DATA Block Start
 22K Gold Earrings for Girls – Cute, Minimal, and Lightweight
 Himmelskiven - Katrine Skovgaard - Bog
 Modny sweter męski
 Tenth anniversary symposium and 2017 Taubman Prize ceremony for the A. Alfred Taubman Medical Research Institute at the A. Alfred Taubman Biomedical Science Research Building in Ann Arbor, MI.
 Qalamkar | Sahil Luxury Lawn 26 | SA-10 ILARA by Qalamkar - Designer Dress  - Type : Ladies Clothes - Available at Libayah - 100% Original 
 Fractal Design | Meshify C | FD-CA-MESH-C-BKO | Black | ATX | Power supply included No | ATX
DATA Block End
Repeat the records word for word.

 22K Gold Earrings for Girls – Cute, Minimal, and Lightweight
 Himmelskiven - Katrine Skovgaard - Bog
 Modny sweter męski
 Tenth anniversary symposium and 2017 Taubman Prize ceremony for the A. Alfred Taubman Medical Research Institute at the A. Alfred Taubman Biomedical Science Research Building in Ann Arbor, MI.
 Qalamkar | Sahil Luxury Lawn 26 | SA-10 ILARA by Qalamkar - Designer Dress  - Type : Ladies Clothes - Available at Libayah - 100% Original 
 Fractal Design | Meshify C | FD-CA-MESH-C-BKO | Black | ATX | Power supply included No | ATX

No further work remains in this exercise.